Rance approached the headquarters and dismounted. A guard snapped to attention and saluted. Rance returned the gesture and asked to see Sergeant Blackmon.
“Inside, sir. Go right in,” he was told, a bit reluctantly.
He pushed open the door and saw the swarthy, heavyset man leaning back against the wall in a precariously balanced chair. The front chair legs hit the floor at the same time the big man did. Saluting smartly, he said, “Sergeant Blackmon, sir.”
Rance removed his gloves, reached inside his coat, and withdrew the official pardon. Handing it to Blackmon, he felt an immediate dislike for the man.
“A pardon for Miss April Jennings,” Rance told him as the sergeant scanned the papers. “She was unjustly imprisoned some time ago. That’s a full pardon. She is to be released to me. Send for her at once, please.”
He was glancing about the room, noticing the sparse furnishings, the empty whiskey bottles lying in dust-cluttered corners, when he became aware that the sergeant had made no move. Turning, he saw Blackmon looking at him with a strange expression on his face, a mixture of anger and…what? Sadness? His wrath.
“Well, sergeant?” Rance asked impatiently. “Have Miss Jennings brought to me at once.”
“Can’t.” Blackmon spit a wad of tobacco into a dark corner and wiped his mouth with the back of his hand. He glared openly at the intruder.
Rance was about to ask why in the hell he could not send for her,
but the man spoke up first.
“She’s dead.”
A full moment passed before Rance could find his voice. Dear God, he thought wildly, it was like that other time…that other time when he returned for a woman he dared believe he was capable of loving, only to find her dead. It was happening all over again.

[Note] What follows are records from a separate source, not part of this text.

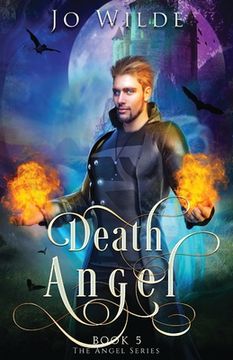 portada Death Angel (in English)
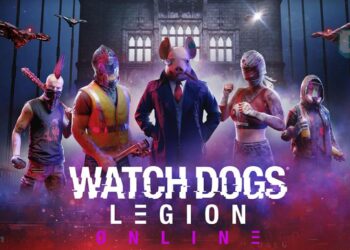 Sah! Mod Multiplayer Online Watch Dogs: Legion dilancarkan 10 Mac ini!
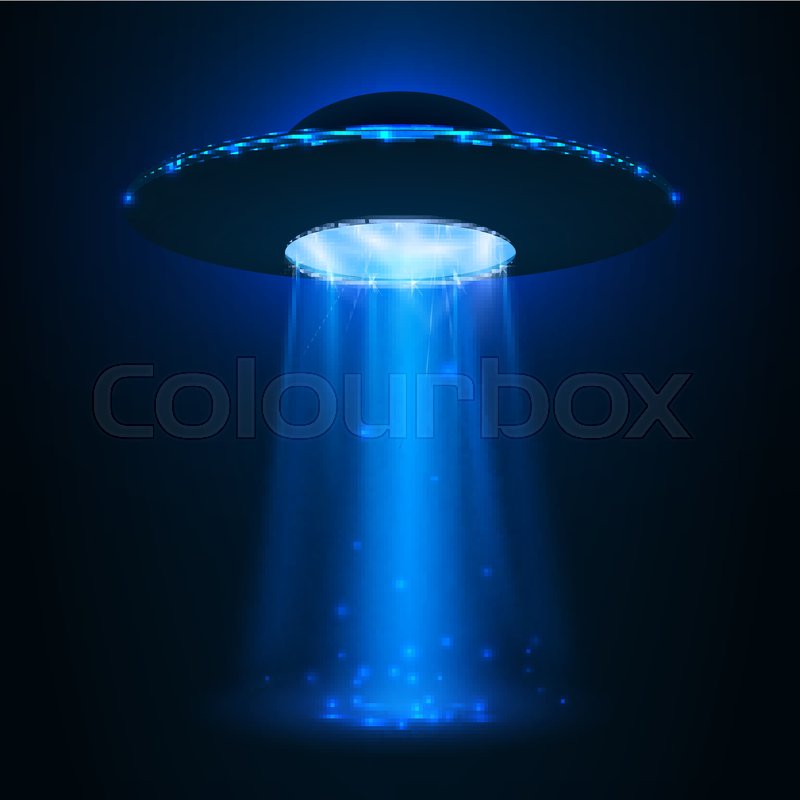 Ufo Spaceship Unidentified Flying Stock Vector Colourbox 800x800 Ufo Spaceship Unidentified Flying Stock Vector Colourbox
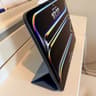 iPad Pro 13" M4 1TB Wi-Fi Nano-Texture Bundle - Apple Pencil Pro + Smart Folio - Like New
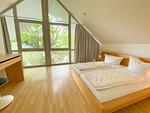 Schlafzimmer - Haus Seeadler E3 | Wiesengeflüster - Top-Hundeurlaub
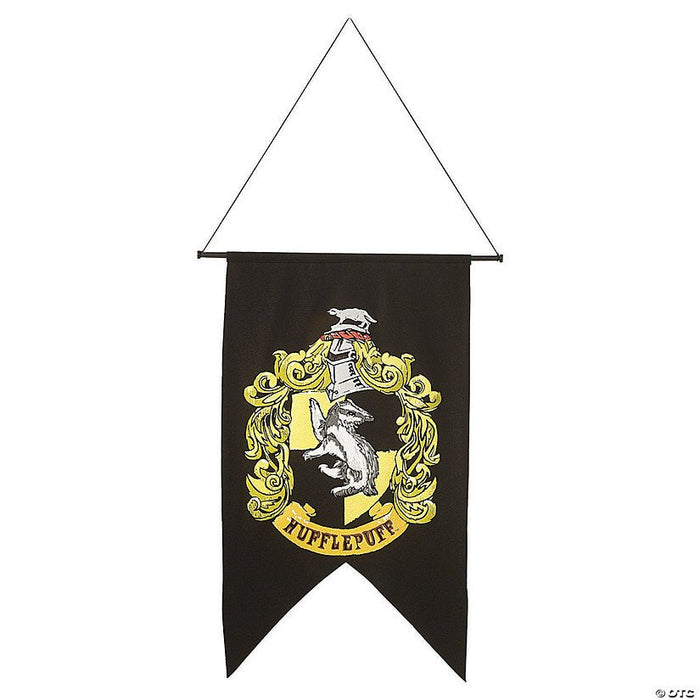 Harry Potter Hufflepuff Wall Banner| 1 ct - Zurchers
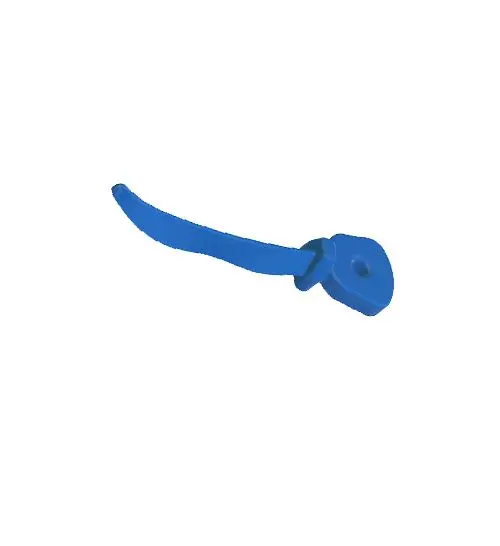 Markson SureTact G3, Sectional Matrix, Wedges Refills, Contoured, Small,  (100), M1008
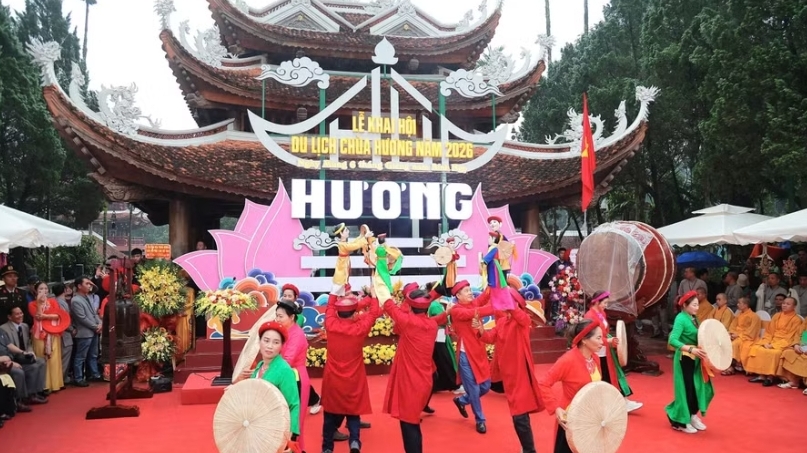 Đánh thức mỏ vàng lễ hội cho kinh tế du lịch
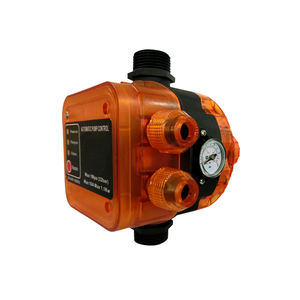 מאיץ משאבת מים בקרת זרימת לחץ אלקטרוני מתג אוטומטי משאבת שליטה ביתי מתכווננת - Product Image 3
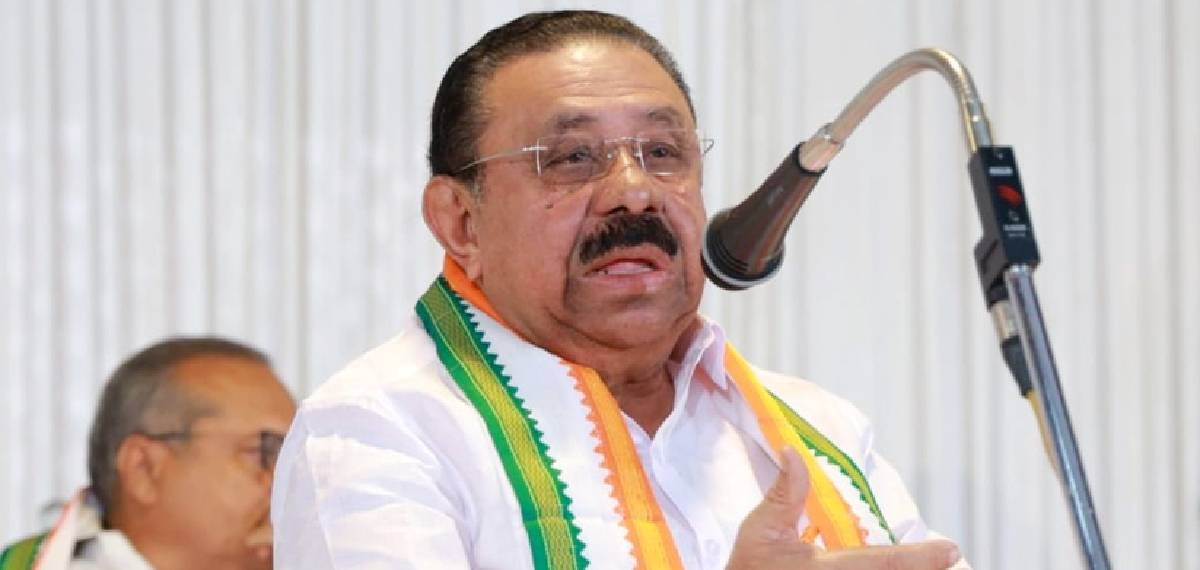 അരുവിക്കരയിൽ നിന്ന് മത്സരിക്കാനുള്ള താൽപര്യം നേതൃത്വത്തെ അറിയിച്ച് എം എം ഹസൻ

“What…what happened to her?” he managed to choke, reaching for the bottle on the desk without asking. He tipped it quickly to his lips and took a long swallow of whiskey, listening as Blackmon told him how April tried to escape before they moved out of Tarboro, ran into the swamps and was lost. A few days later, an old farmer told them of finding her body, snake-bitten and alligator chewed. Blackmon had buried her.
“I made out the report. It’s all here if you want to see it, Captain,” Blackmon offered, reaching toward a drawer.
Rance shook his head. He was feeling sick, fighting the bile rising in his throat.
“I didn’t go mark the grave or nothing. I mean, she was just a prisoner, and I’m real sorry that it’s come out now that she shouldn’t have been in prison, but you gotta understand that we didn’t know none of that. We were just doin’ what we was told to do, and that was to keep her in the stockade. Her dyin’ was her own doin’.”
Rance never spoke. He continued to down the contents of the bottle as quickly as possible, racing to blot out the horror.
“Here. You can read the report.”
He thrust some papers forward, but Rance pushed them away. “No,” he whispered hoarsely. “I don’t want to see them, I’ve got to be going.” He forced himself to walk rigidly from the cabin. Later, there would be time for a big drunk, to souse himself with as much liquor as his body would hold. It was going to take a hell of a drunk to ever get over this, he thought dazedly. God, not April. Not April.
Virtus seemed to sense his master’s grief, and he moved along slowly without being prodded. Rance stared straight ahead, seeing only a vision of laughing blue eyes and golden blond hair, and a smile like an angel’s.